Der sanfte Wind trägt ein wenig Staub in die Umgebung und den Nachhall einer Explosion, ein Zischen vielleicht, ein klickerklacker nachbröckelnder Steine.
Ich bin inzwischen in meiner vorgereckten Haltung verkrampft und lehne mich also wieder zurück.
Allmählich kommen die Kinder wieder.
Das rhythmische Knallen eines Lederfußballs, der in das Gitter des Bolzkäfigs getreten wird. Lachen, Streiten, das metallene Geräusch der Röhrenrutsche, wenn die Kinder Steine, Holz oder ihre Brotbüchsen hinuntersausen lassen.
Achtung, jetzt kommt eine Brotbüchsenbombe!
In der Kirche nebenan übt jetzt die Organistin.
Wir sind nur Gast auf Eeeerden.
Ich kenne das Lied aus einer anderen Zeit. Als ich Eltern um mich hatte, die sich ihrer Sache sicher waren im Vertrauen auf den guten Gott, dessen Tun nicht zu bezweifeln ist, der die Wahrheit ist und das Leben.
Die ewige Heimat, wo dann für alle alles gut ist, weshalb das hier – Fukushima, Aleppo, Katalysatoren, gar nicht wichtig ist.
Aber ich bin nicht mehr diese Christin. Ich habe beschlossen, mehr an das zu glauben, was ich sehe als an das, was ich so gerne sehen würde.
Und jetzt sitze ich hier und sehe herzlich wenig.
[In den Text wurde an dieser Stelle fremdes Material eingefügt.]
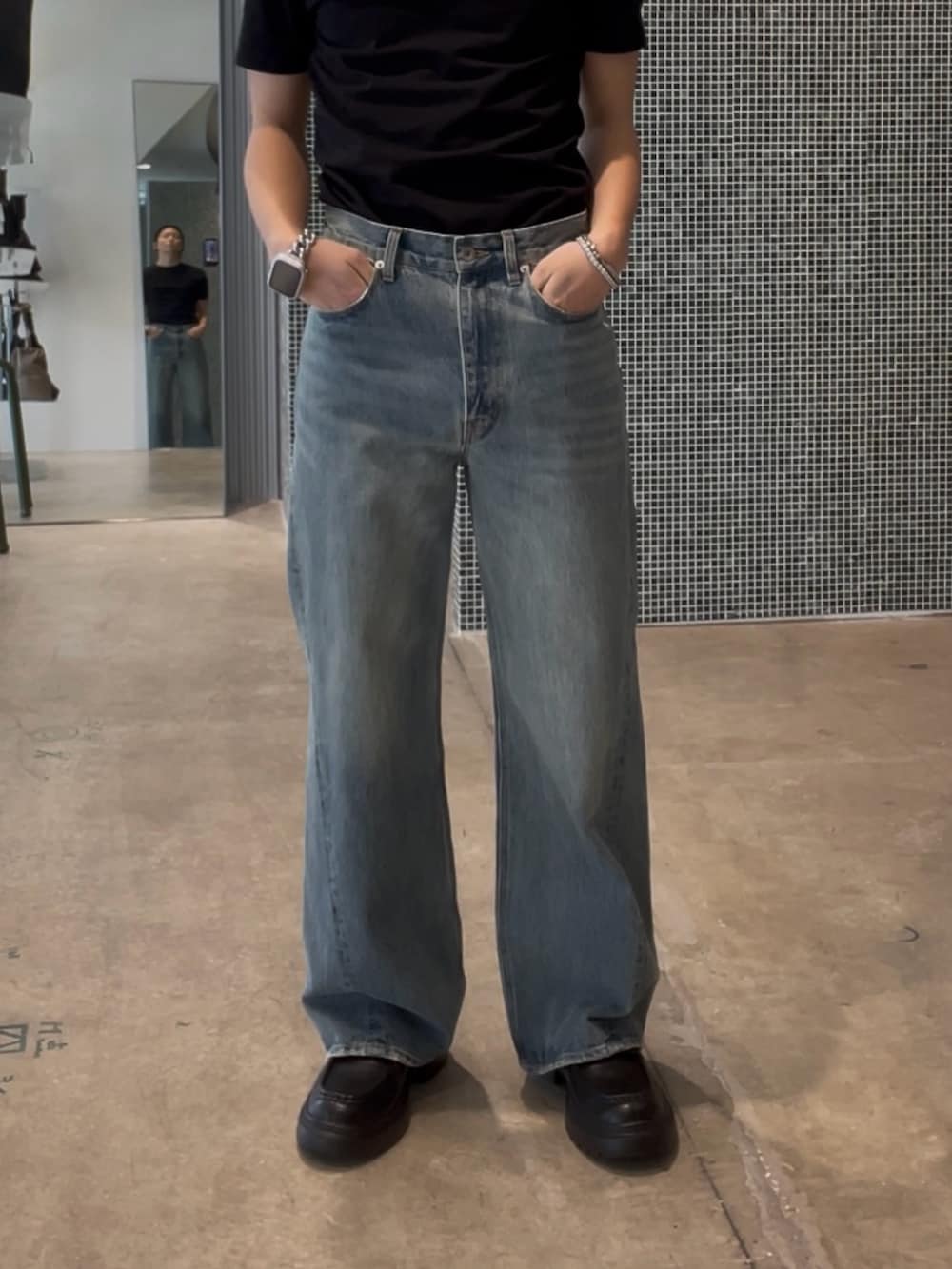 ブルー系のデニムジャケット、ブルー系のデニムパンツ、シルバー系のネックレスを着用したメンズの冬コーディネートの2枚目の写真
Dabei könnte ich meinen Computer hochfahren, hier auf meinen Knien auf dem Balkon, und könnte mich über den Zustand wo auch immer informieren. Ich könnte Dattelpalmen googeln und herausfinden, wie ein Katalysator funktioniert. Zwischendurch eine mail von campact, die mir anrät, mit einem Häkchen gegen die Privatisierung des Trinkwassers in meiner Heimatstadt zu votieren.
Ich kann mein T-shirt made in Bangladesh wütend in die Tonne pfeffern und fair gehandelten Kaffee für den dreifachen Preis kaufen.
Herr, Deine Liiiebe, ist wie Gras und Ufer.
Ich könnte meine Musik anmachen, lauter als die Orgel von nebenan und nur hören, was ich will.
Ich kann meiner katholischen Herkunft jederzeit den Hahn abdrehen und aus Solidarität Muslima werden.
Aber ich weiß nicht, welchen sound ich gerade hören will.
Ich beschließe also, mich der Akustik der Außenwelt zuzuwenden und beginne zu zählen, wie viele Martinshörner ich innerhalb der nächsten zehn Minuten höre. Es sind drei.
Dreimal entscheiden Sanitäter auf dem Weg zur Klinik, dass hier ein Leben in Gefahr ist, weshalb sie unbedingt die Vorfahrt brauchen.
Drei Leben in zehn Minuten.
Bei uns ist eben auch nicht alles immer toll.